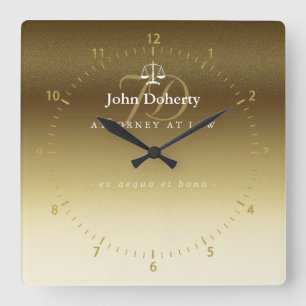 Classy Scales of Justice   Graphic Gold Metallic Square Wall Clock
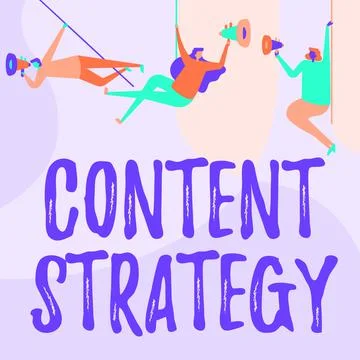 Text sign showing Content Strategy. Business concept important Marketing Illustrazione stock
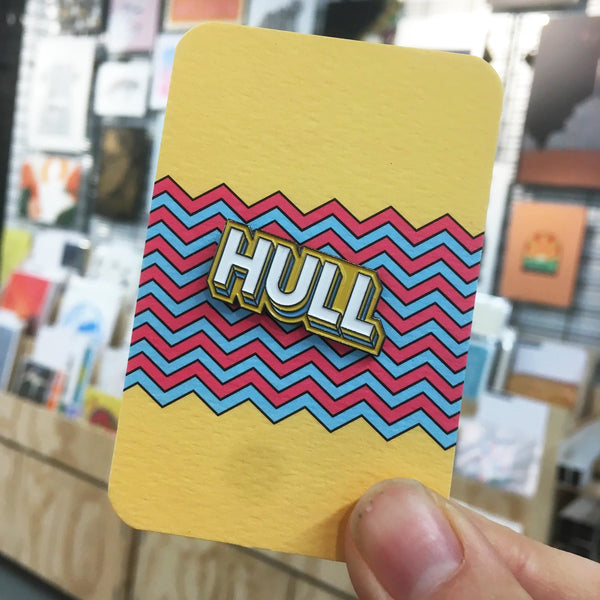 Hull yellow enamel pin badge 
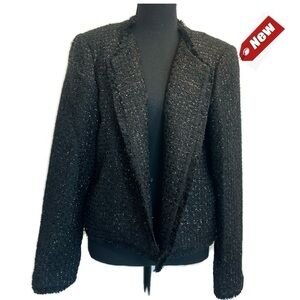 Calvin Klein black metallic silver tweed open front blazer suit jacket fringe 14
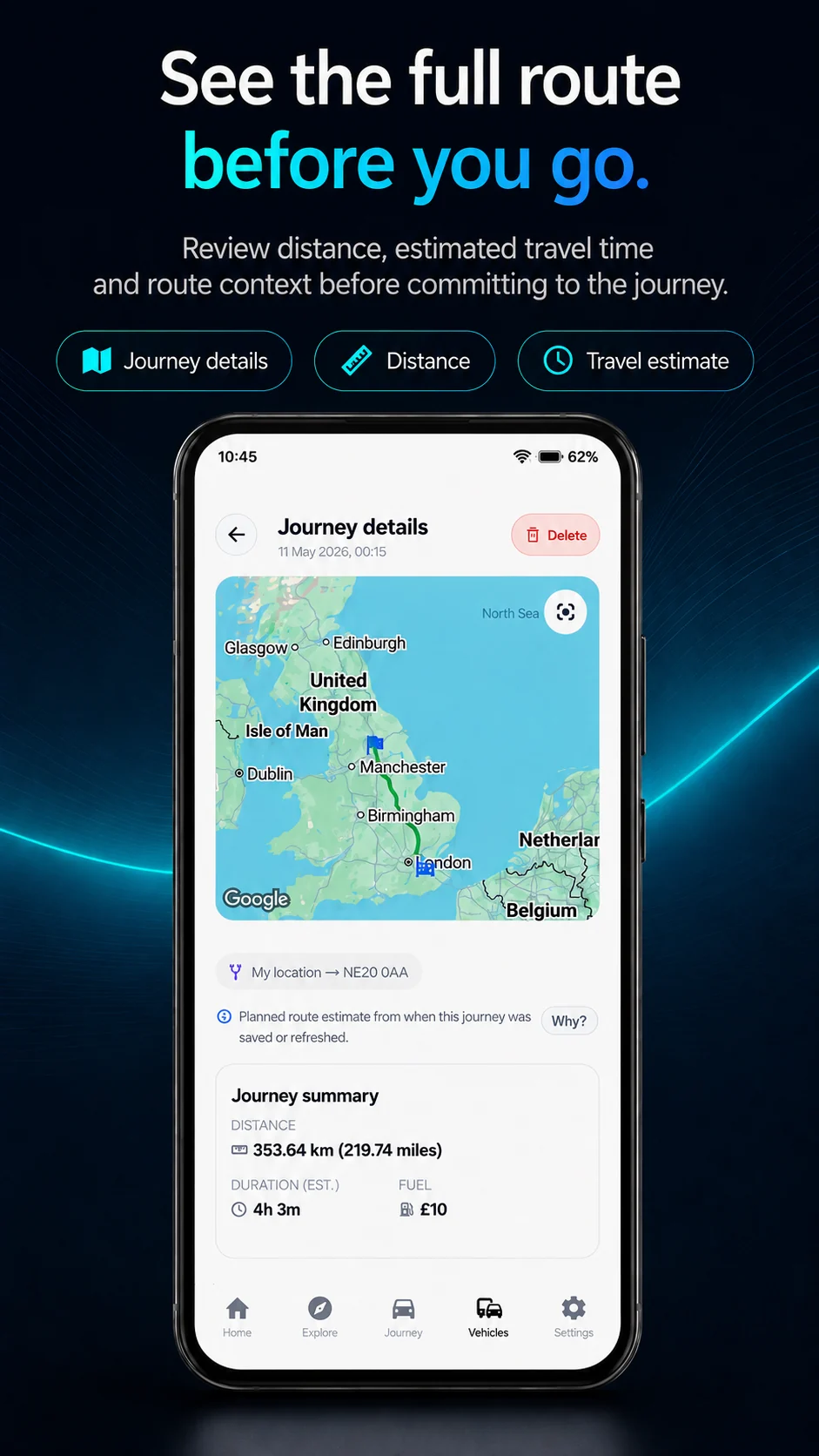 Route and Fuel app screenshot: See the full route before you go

○ ○ ○

- _TASK REQUIREMENTS_
The lines from the one containing "Calvin Klein black" to the final line of the material, both ends included, should be retyped exactly and alone, with no pictures.

- _COMPLETED EXERCISE_
 Calvin Klein black metallic silver tweed open front blazer suit jacket fringe 14
 Route and Fuel app screenshot: See the full route before you go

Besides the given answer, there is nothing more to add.